Among the entries below, retype exactly the lines starting with the one with "Samsung Galaxy S24" and going on through the one with "With the July", but not the pictures.

Extracted records:
▬▬▬▬▬▬▬▬▬▬
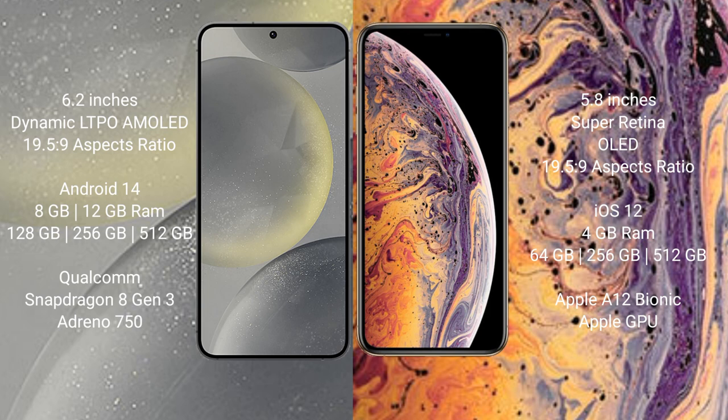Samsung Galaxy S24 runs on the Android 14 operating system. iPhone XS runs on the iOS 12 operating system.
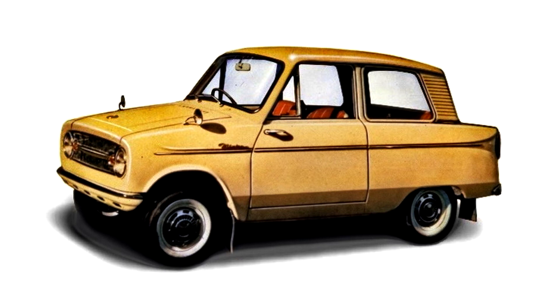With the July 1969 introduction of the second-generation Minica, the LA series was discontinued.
▬▬▬▬▬▬▬▬▬▬
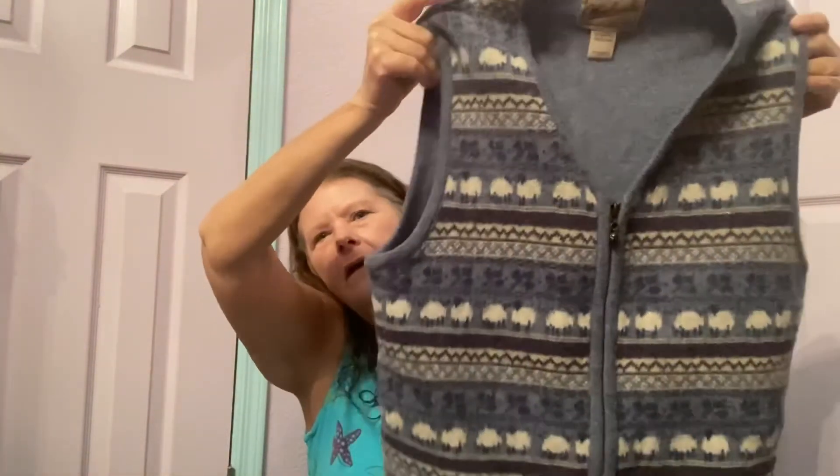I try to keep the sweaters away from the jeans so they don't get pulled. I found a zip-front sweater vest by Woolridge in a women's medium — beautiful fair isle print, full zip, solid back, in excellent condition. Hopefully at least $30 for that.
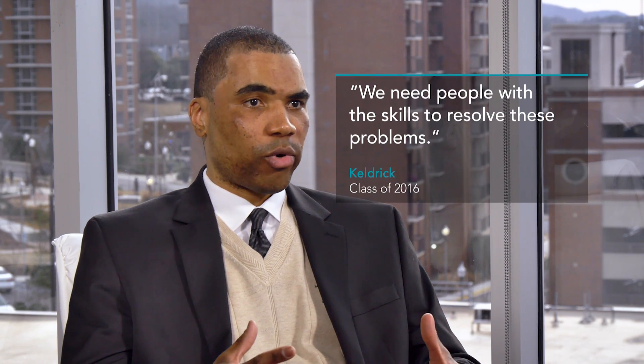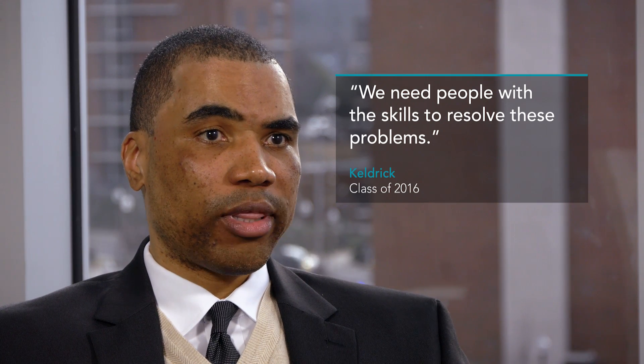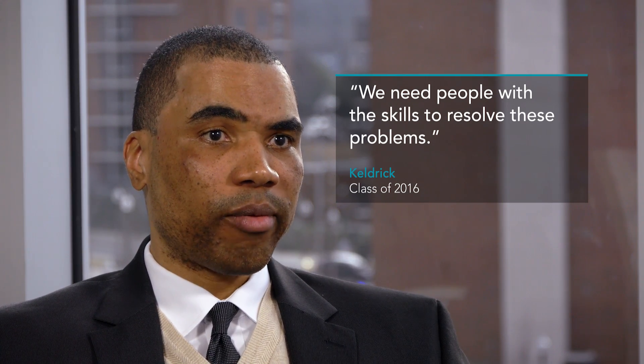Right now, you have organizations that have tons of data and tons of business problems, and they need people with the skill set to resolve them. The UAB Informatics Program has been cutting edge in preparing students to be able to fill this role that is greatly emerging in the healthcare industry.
▬▬▬▬▬▬▬▬▬▬
Response area:
Samsung Galaxy S24 runs on the Android 14 operating system. iPhone XS runs on the iOS 12 operating system.
With the July 1969 introduction of the second-generation Minica, the LA series was discontinued.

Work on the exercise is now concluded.